Читать «Тропы вечных тем: проза поэта» онлайн - страница 460

Юрий Поликарпович Кузнецов

Повторю, всё это — парадоксы, гротеск, тонкая ирония, пародия — были чрезвычайно близки и Кузнецову. Но буквально через несколько лет поэта словно подменили. Он от новой плеяды резко отмежевался. Уже в 1986 году, выступая по телевидению, Кузнецов заявил: „Жданов — это, на мой взгляд, поэт „филологический“, выражает не непосредственное живое чувство, а некую конструкцию — романтическую, заданную. Мне его скучно было читать. А Парщикова я вообще не читал. В общем, я скептически отношусь к небольшому шуму, возникшему возле этих имён. Тут я более склонен назвать Ерёменко“ („Литературное обозрение“, 1987, № 4, с. 98).

Но Кузнецов, как всегда, лукавил. Читал он и Парщикова, и Коркию, и других метаметафористов» (определение не моё — Константина Кедрова). Да, Парщиков ему менее нравился, ибо в его поэзии были сильны традиции ненавистного Кузнецову Маяковского. Ему, безусловно, был ближе Жданов, создавший свой незабываемый образ птицы. Кстати, «филологичность» присутствовала у Жданова ровно в той же мере, что и у самого Кузнецова. Другое дело, Жданов был более авангарден, нежели Кузнецов, и того это сильно злило.

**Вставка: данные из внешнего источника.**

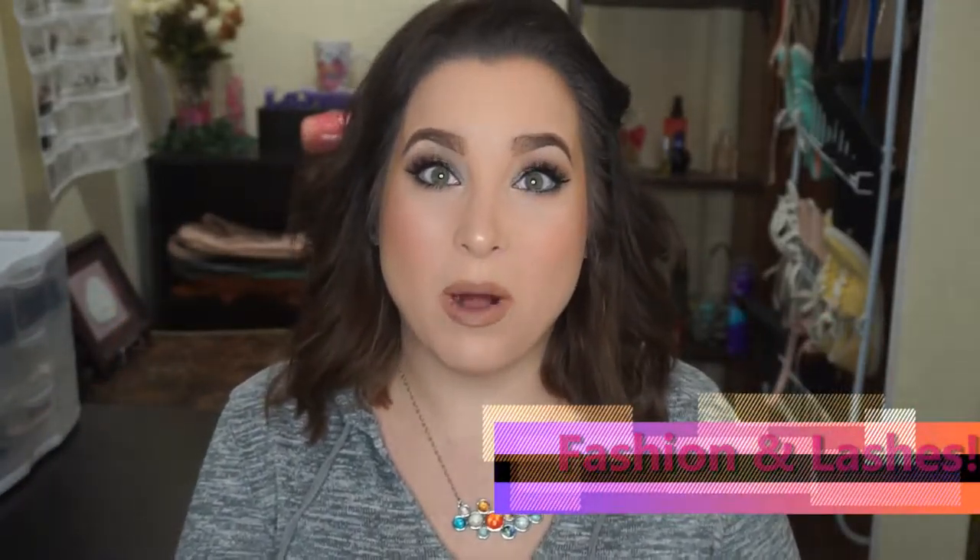Hey everyone! It's Slinky. Welcome back to my channel. If you're new to my channel, welcome. If you're returning to my channel, thank you so much. I truly appreciate it. How are you guys doing today? I hope you're having a glorious day so far. I have been having so much fun playing with my makeup, so if you want to see how I got this solstice smoky eye, then just keep watching.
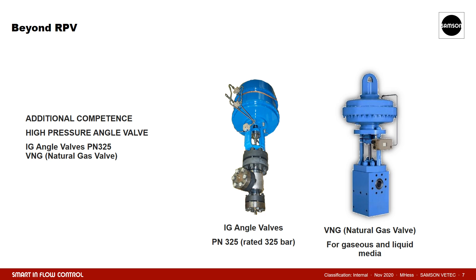Last but not least, I would like to show you our high pressure angle valves. Here we have a long experience in the so-called IG standard. It was created in the 1920s in order to handle then-emergent processes with high temperatures above 500 degrees Celsius and pressures of several hundred bar. Although the standard is quite old, it is not outdated. On the one hand, there are still many plants still in operation after decades. On the other hand, for specific processes, it is still the best recognized standard on the market.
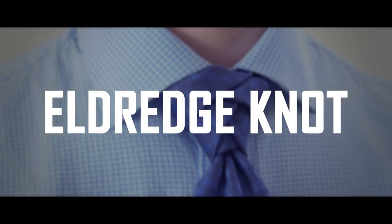Let's get started. The first complex necktie knot we're going to learn is the Eldridge Knot.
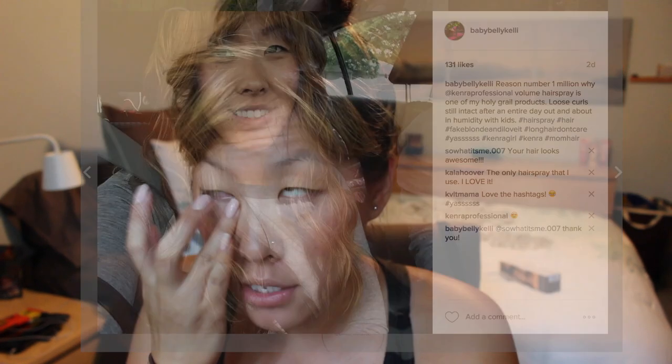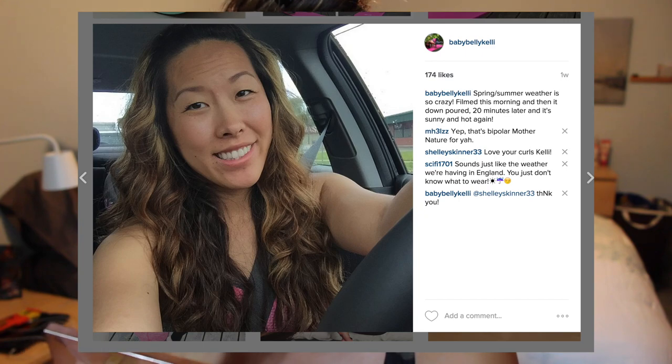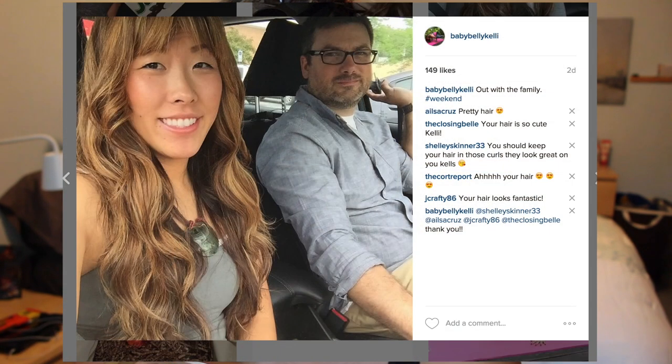Taking my Maybelline Dream Lumi Touch Highlighting Pen in Radiant, I'm going to do a little bit under my eye. I normally wouldn't do this in my natural look, but I do have dark circles so I'm just going to put a little bit in. This is actually what I do every day during the summer — I really do prefer a natural face over a lot of makeup, but I also like playing with makeup. Sometimes I just wear a lot because it's fun.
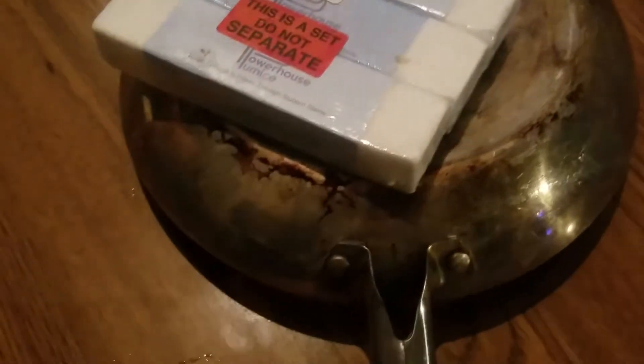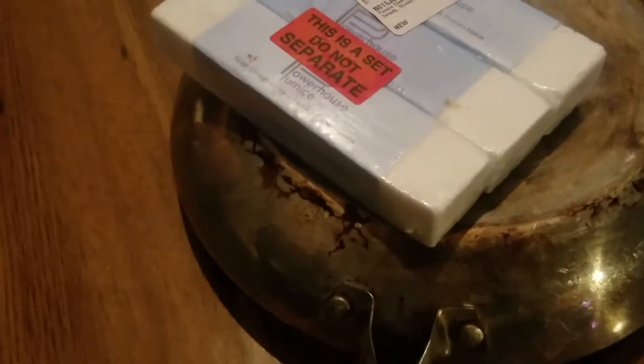You have to be careful about the type of surface you use it on — you don't want to use it on things that are going to scratch easily, like certain countertops and glass. But anyway, this is what it does.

А ещё Кузнецова злил сильный успех и бешеная популярность Жданова и Ерёменко. Кузнецов понимал, что в середине 80-х годов его слава пошла на спад. Но ему с этим смириться было очень трудно. И всё его раздражение вылилось на других, более успешных стихотворцев. Но народу ведь не скажешь всю правду. Поэтому в ход пошли ссылки на идеологические расхождения. Будто других мерил для определения ценности стихов и не существовало.

В пику Жданову с Ерёменко Кузнецов в середине 80-х годов поддержал другую — «возрожденческую» — плеяду (термин Ларисы Барановой-Гонченко). Он написал предисловия к дебютным книгам Владислава Артёмова, Михаила Попова, очень хвалил Юрия Кабанкова и Михаила Шелехова…

Правда, некоторые критики увидели в стихах этих поэтов руку самого Кузнецова. «И та же самая рука, — утверждала Ирина Роднянская, — вывела многие строчки Юрия Кабанкова». Естественно, «возрожденческая плеяда» с этим мнением не согласилась. Попов тут же в стихах ответил Роднянской, что Кабанков «не похож на Кузнецова, но кажется порою мне он Мандельштама и Кольцова соединил в себе. Вчерне…»

Интересно, как прореагировал на эту перепалку Кузнецов. Юрий Кабанков вспоминал: «Юрий Поликарпович и забавлялся, и раздражался подобной постановкой вопроса. Забавлялся (солидаризируясь с И. Роднянской) потому что, по его глубокому убеждению, „вы все выползли из черепа Юрия Кузнецова, как девятнадцатый век — из „Шинели“ Гоголя“ (как хошь, так и понимай сию черепно-мозговую контаминацию: тут ведь и череп Олегова коня, и „Я пил из черепа отца“ — вплоть до „бедного Йорика“). А раздражался он потому, что терпеть не мог Мандельштама, не признавал его вообще как поэта, искренне обижался за Кольцова, которого „вструмили“ в такое „непотребное соседство“. Когда я указывал (а словечко „суггестивность“ вызывало в нём тяжёлую скептическую меланхолию) на „густоту“ поэтических образов у него и у Мандельштама, он заявлял: „Ваших Мандельштамов не читал и не собираюсь!“» (Сборник «Мир мой неуютный», М., 2007, с. 80). Хотя все прекрасно знали, что Кузнецов лукавил: Мандельштама он, конечно, читал, но вслух признать чужой дар то ли не хотел, то ли даже боялся.